Exact copies of the lines from the one holding "Impressão Em Tela" through the last line of the entries below are to be printed, with pictures omitted.
----------------------------------------
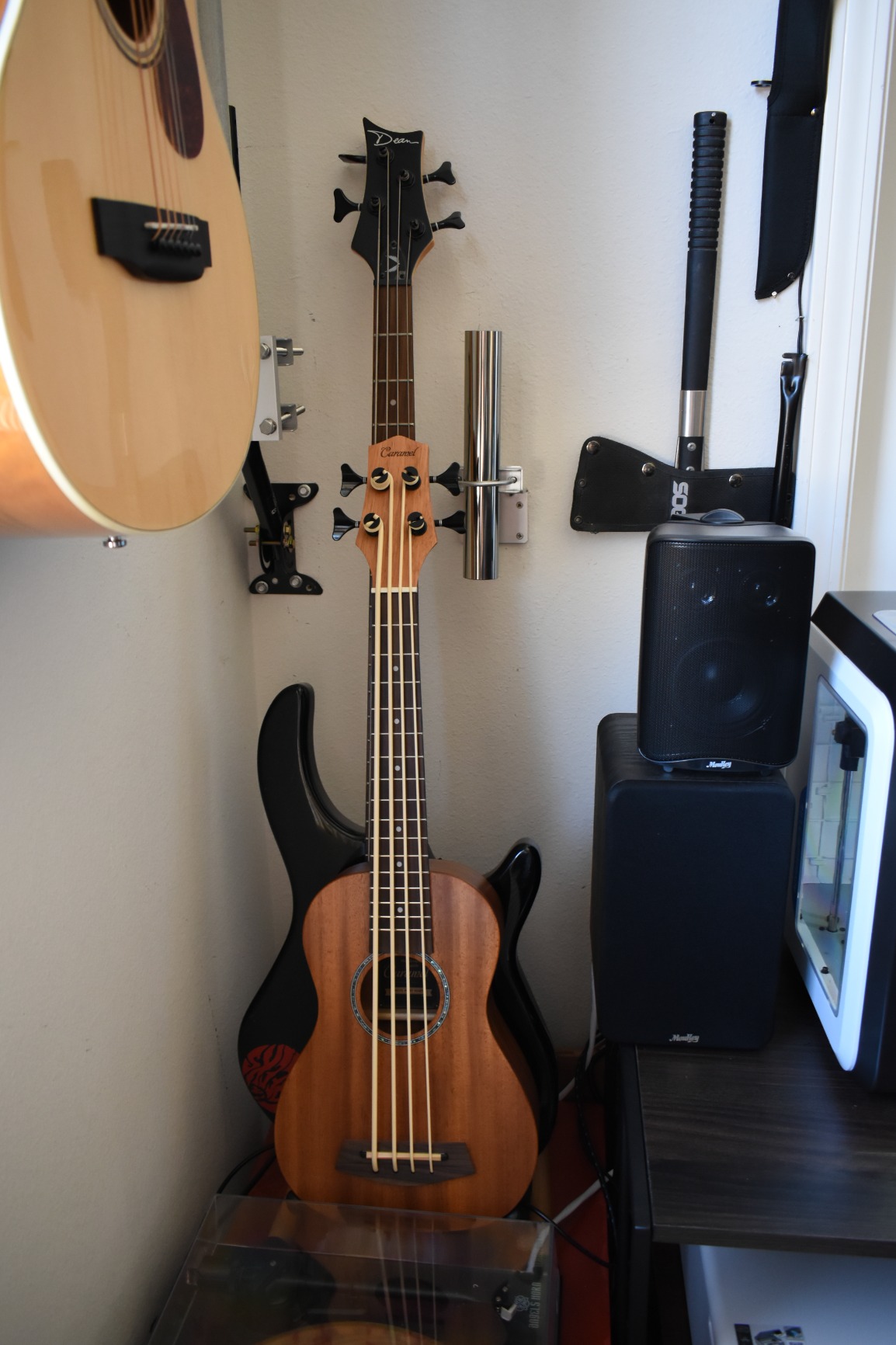 Caramel CUB402 Electric 30inch All Solid Wood Mahogany Ukulele Bass customer photo 1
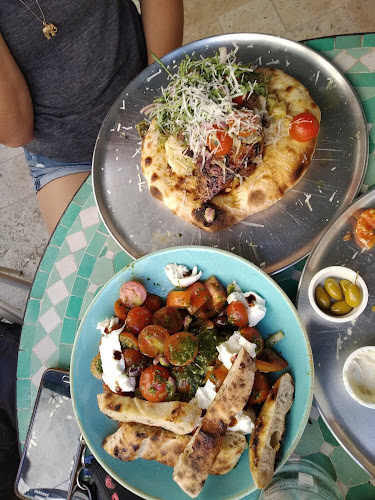 Pizza Biennale - הסעדה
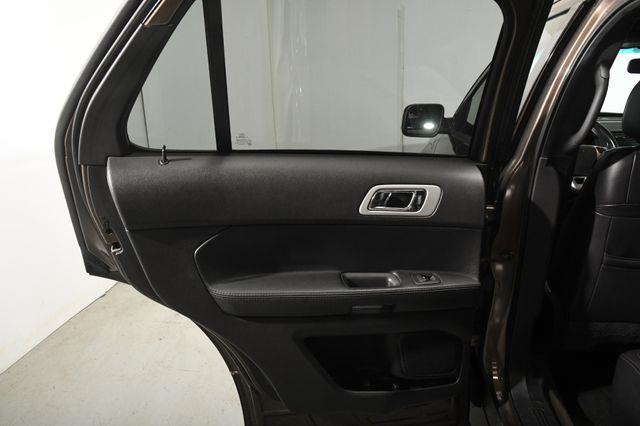 2015 Ford Explorer XLT photo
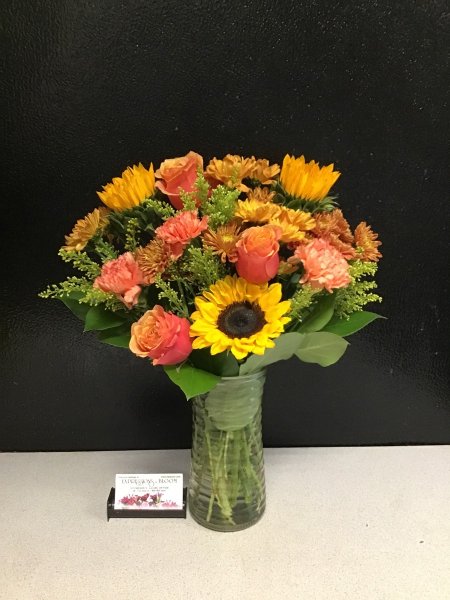 A 5 Star Customer Reviewed Flower Arrangement Designed by Expressions In Bloom in Corvallis, OR A 5 Star Customer Reviewed Flower Arrangement Designed by Expressions In Bloom in Corvallis, OR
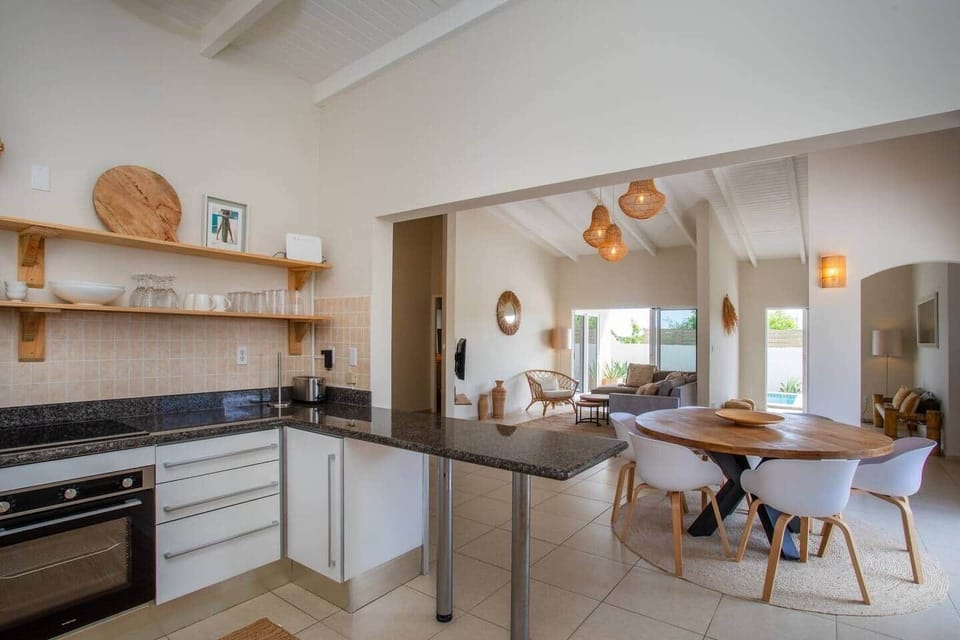 De Vos Apartments Villa Damasco |Keuken| in Jan Thiel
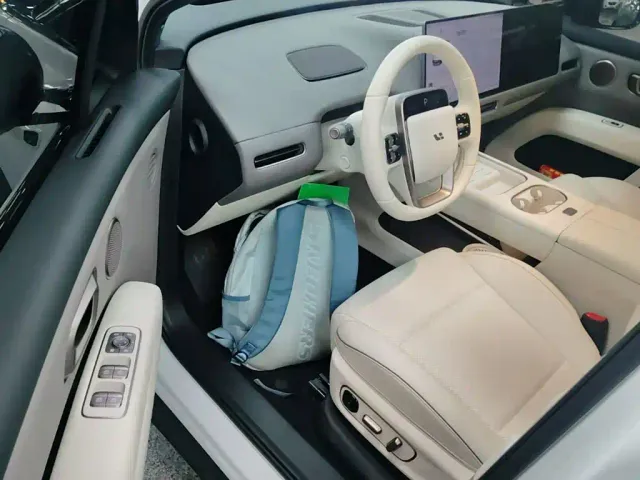 Li Auto i6 — Фото автомобиля 15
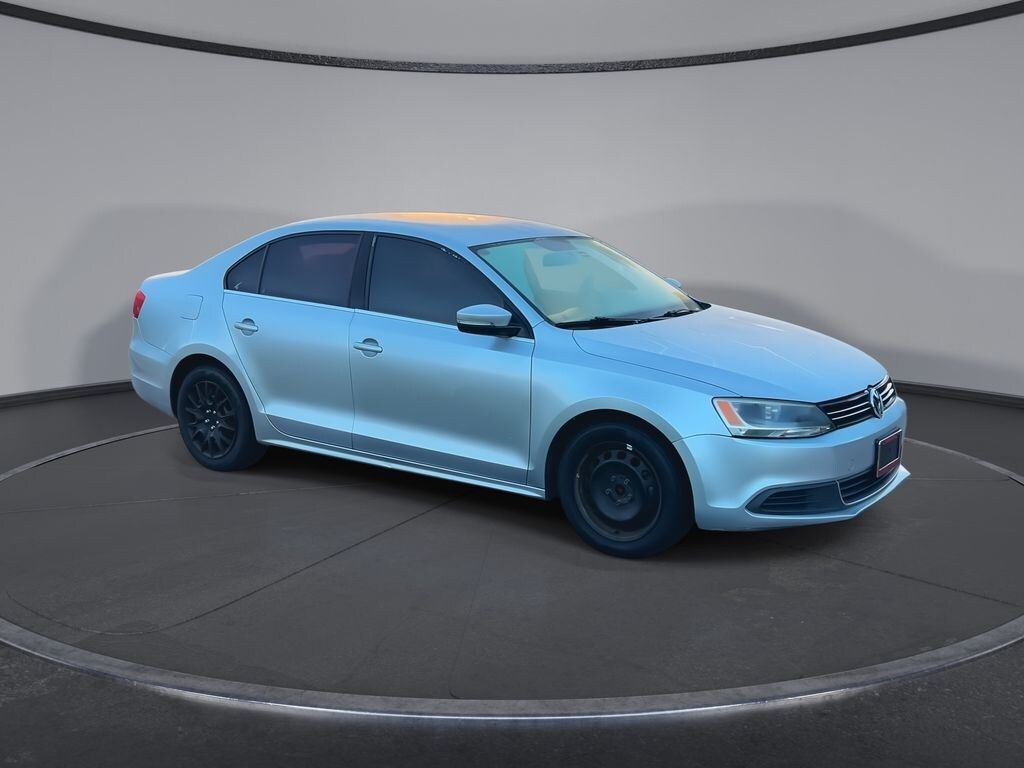 Used 2013 Volkswagen Jetta 2.5L SE Sedan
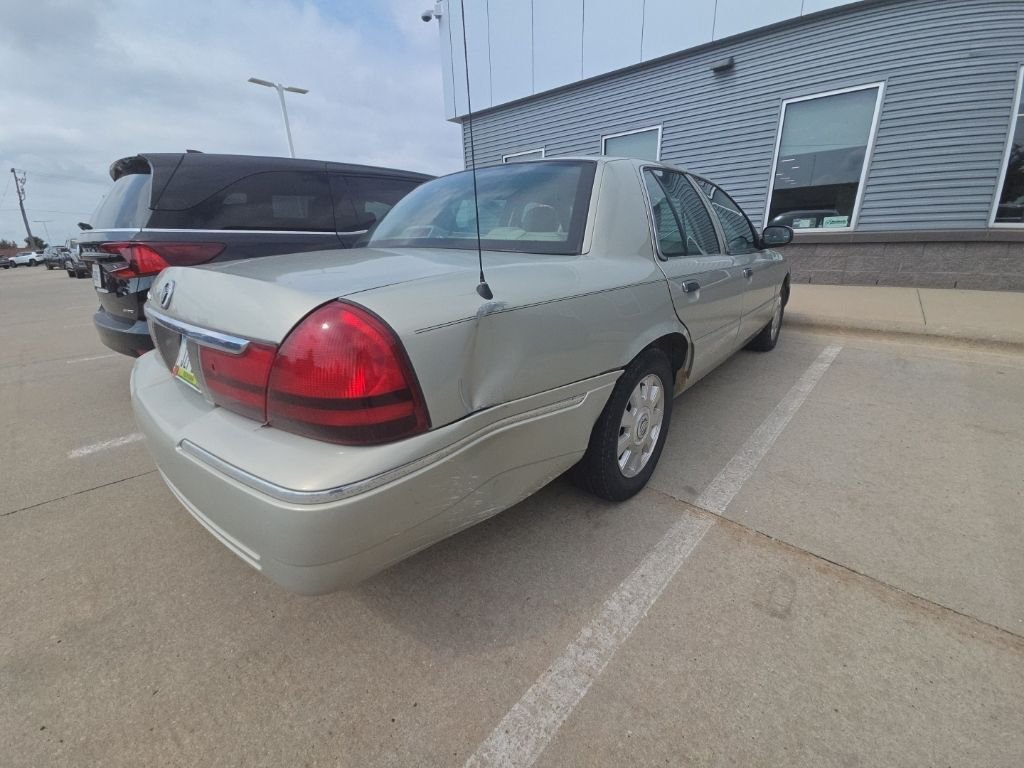 Used 2005  Mercury LS image 5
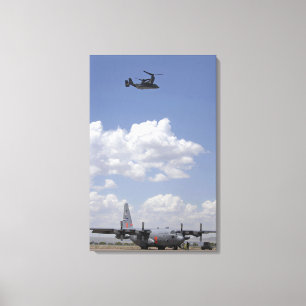 Impressão Em Tela Um Osprey CV-22 voa sobre A.A. - 130 Hercules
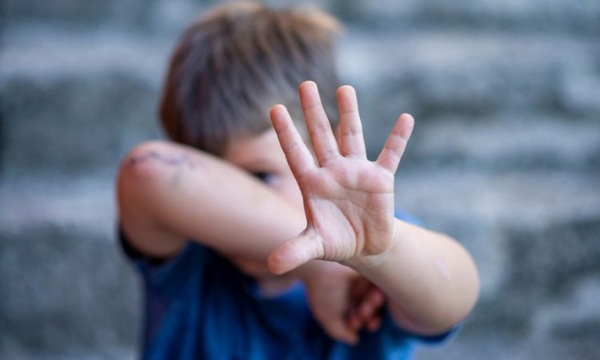 Codeni informó a Defensoría sobre niño maltratado, pero víctima sigue expuesta a maltratos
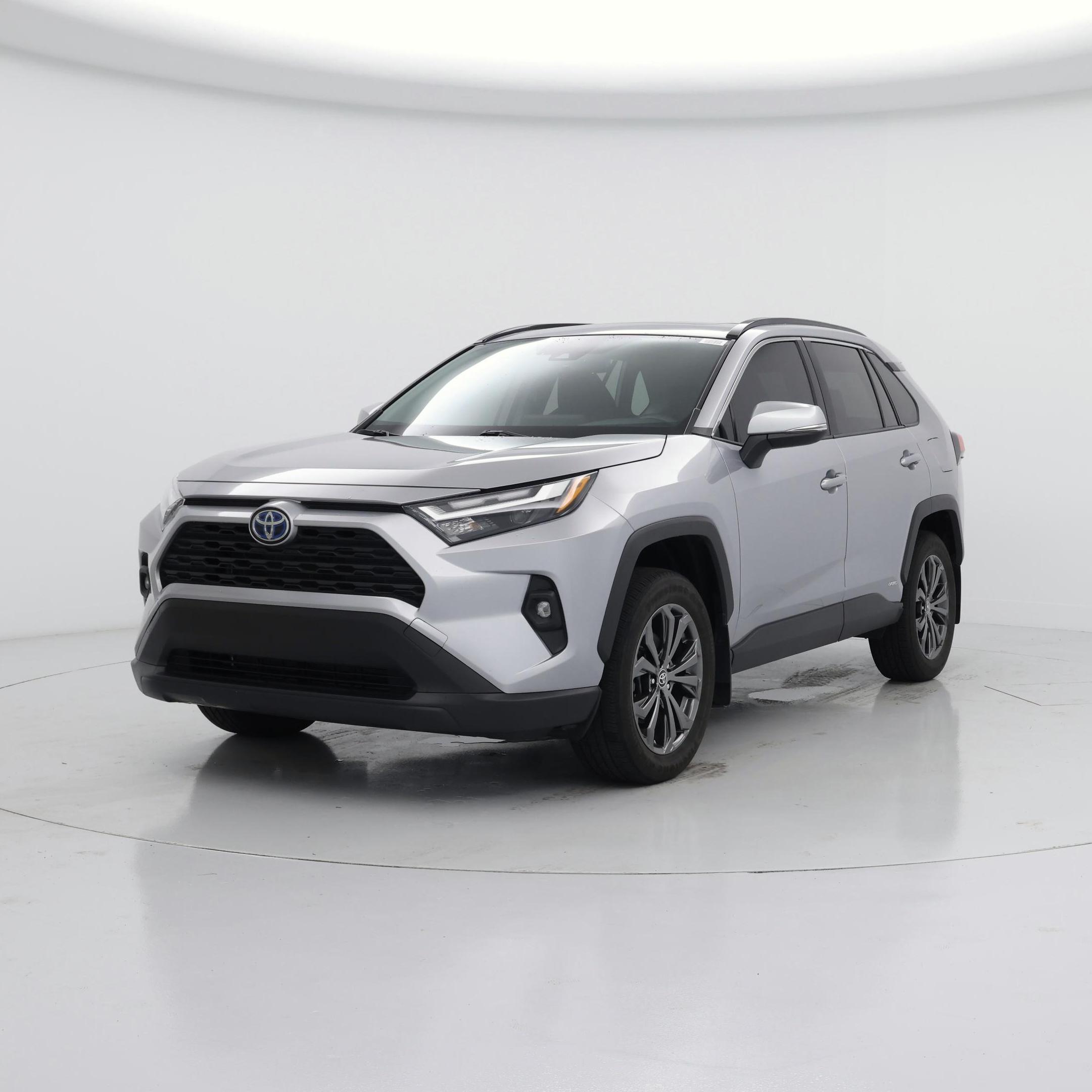 Thumbnail: 2022 Toyota RAV4 - 4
----------------------------------------
**TASK RESPONSE:**
 Impressão Em Tela Um Osprey CV-22 voa sobre A.A. - 130 Hercules
 Codeni informó a Defensoría sobre niño maltratado, pero víctima sigue expuesta a maltratos
 Thumbnail: 2022 Toyota RAV4 - 4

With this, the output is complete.